Work to complete
Transcribe the listing in full, word for word; pictures do not belong in the copy.

Dataset content
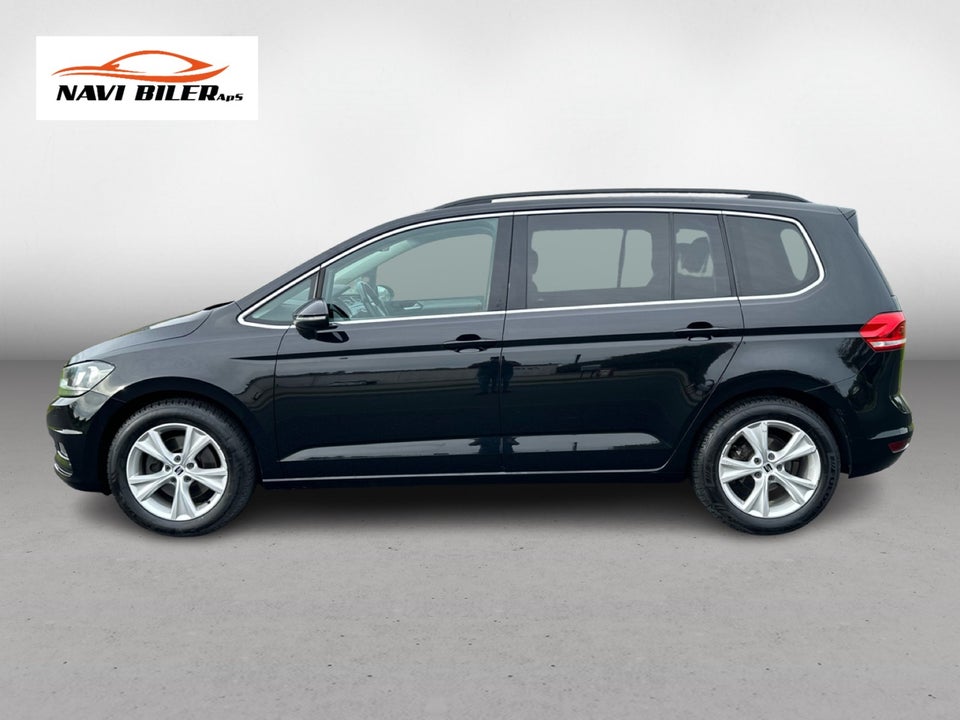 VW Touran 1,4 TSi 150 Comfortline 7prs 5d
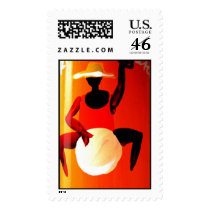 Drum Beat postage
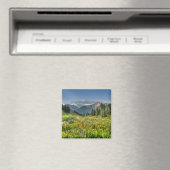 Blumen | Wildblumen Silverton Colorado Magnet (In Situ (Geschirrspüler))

Output for this task
 VW Touran 1,4 TSi 150 Comfortline 7prs 5d
 Drum Beat postage
 Blumen | Wildblumen Silverton Colorado Magnet (In Situ (Geschirrspüler))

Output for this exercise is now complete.